Your assignment:
Give back every line of the data exactly. Pictures are not part of the copy.

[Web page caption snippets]
################
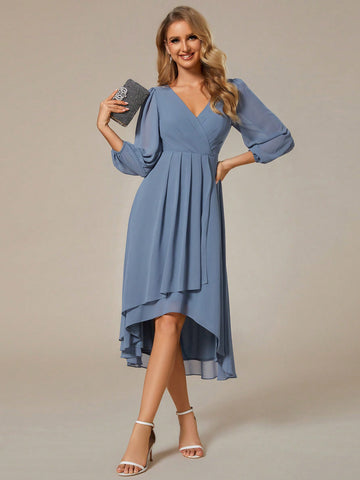 EVER-PRETTY Misty Blue Elegant And Qualify V-neck Bridesmaid Dress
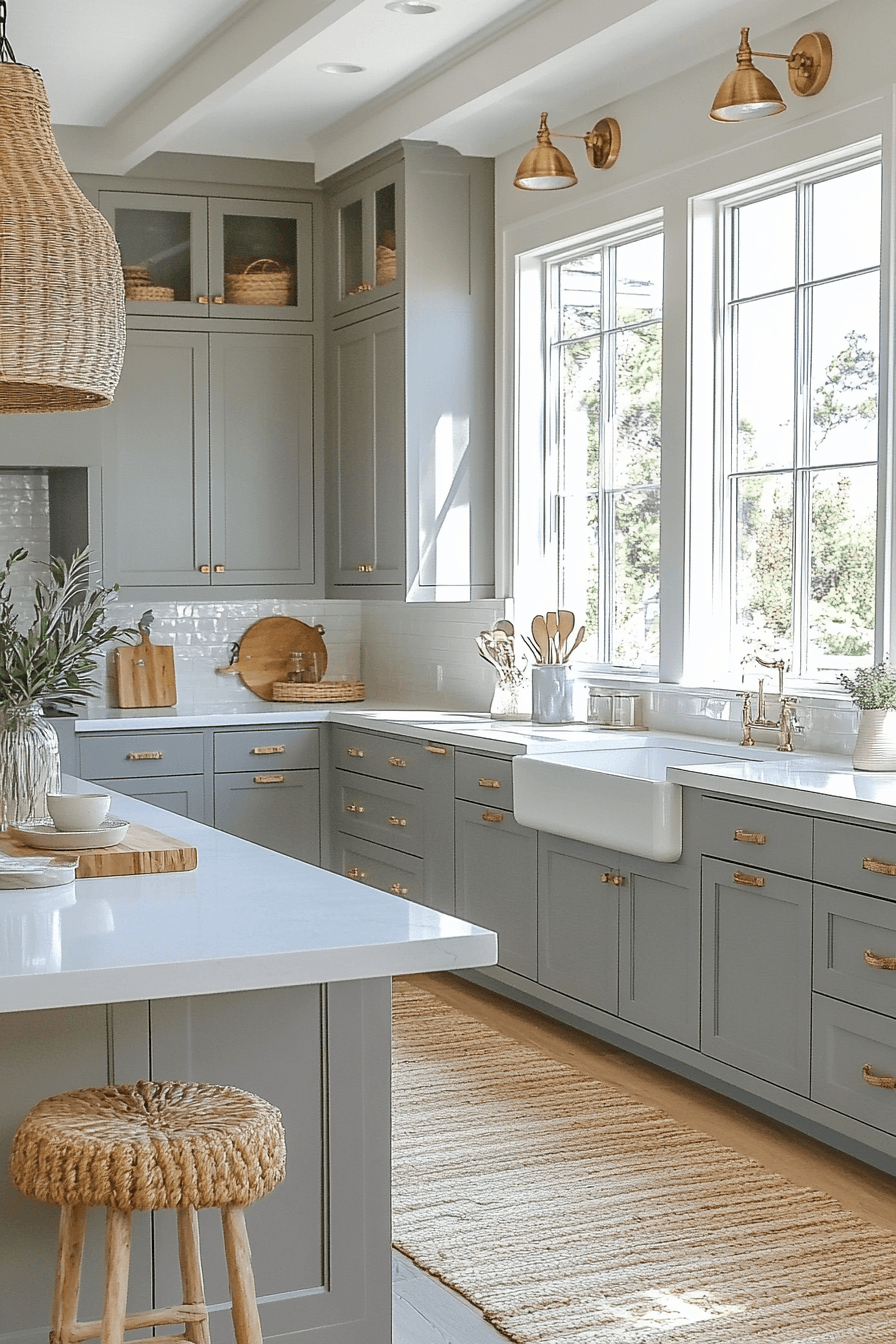 Grey Cabinet And White Countertops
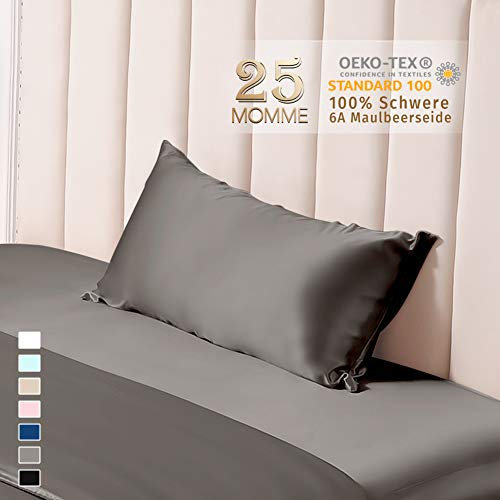 THXSILK 25 Momme Seide Kissenbezug für Haar und Haut - Maulbeerseide Kissenbezug - Hypoallergen mit Versteckter Reißverschluss - Pure Seide auf Beide Seiten … (Holzkohle, 40x80cm)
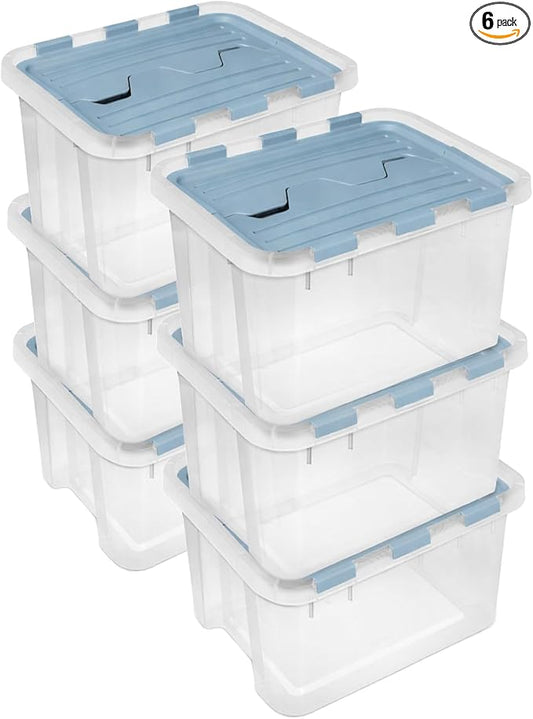 SteriliteHinged Lid Storage Box Plastic Container, 60 Quart, 6 Pack | Washed Blue - Home Organizer Tote for Storing Shoes, Crafts, Clothing, or Decor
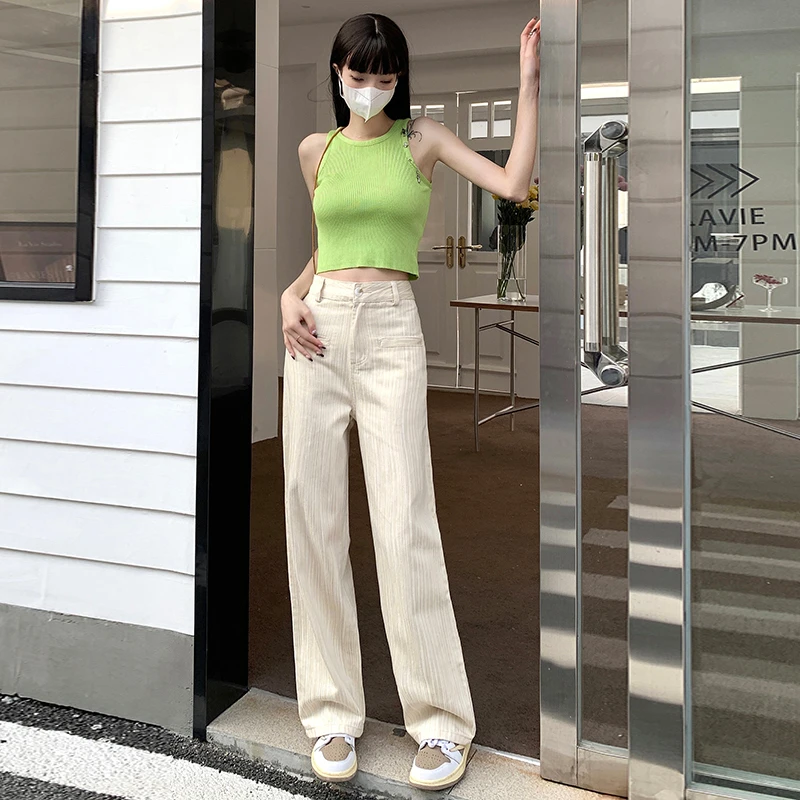 Jeans Women's 2023 New Long Pants Autumn and Winter High Street Stripes Off White Wide Leg Pants Versatile Straight Fit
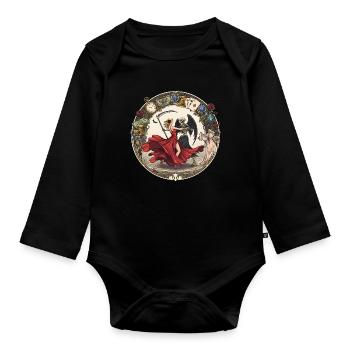 Red dance with time and death - Organic Longsleeve Baby Bodysuit - black - Front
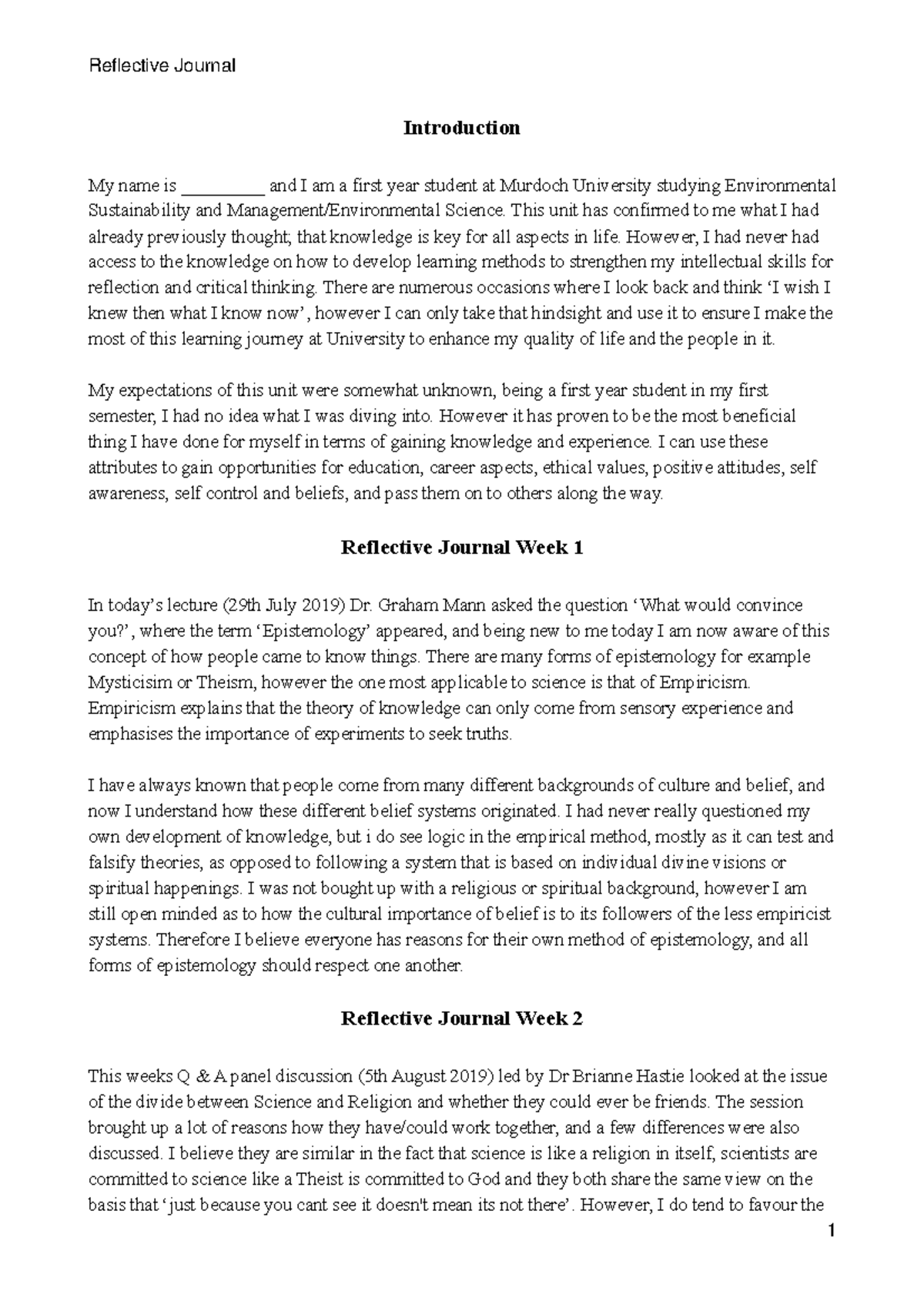BSC150 Reflective Journal - Introduction My name is _________ and I am ...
################
Answer box:
 EVER-PRETTY Misty Blue Elegant And Qualify V-neck Bridesmaid Dress
 Grey Cabinet And White Countertops
 THXSILK 25 Momme Seide Kissenbezug für Haar und Haut - Maulbeerseide Kissenbezug - Hypoallergen mit Versteckter Reißverschluss - Pure Seide auf Beide Seiten … (Holzkohle, 40x80cm)
 SteriliteHinged Lid Storage Box Plastic Container, 60 Quart, 6 Pack | Washed Blue - Home Organizer Tote for Storing Shoes, Crafts, Clothing, or Decor
 Jeans Women's 2023 New Long Pants Autumn and Winter High Street Stripes Off White Wide Leg Pants Versatile Straight Fit
 Red dance with time and death - Organic Longsleeve Baby Bodysuit - black - Front
BSC150 Reflective Journal - Introduction My name is _________ and I am ...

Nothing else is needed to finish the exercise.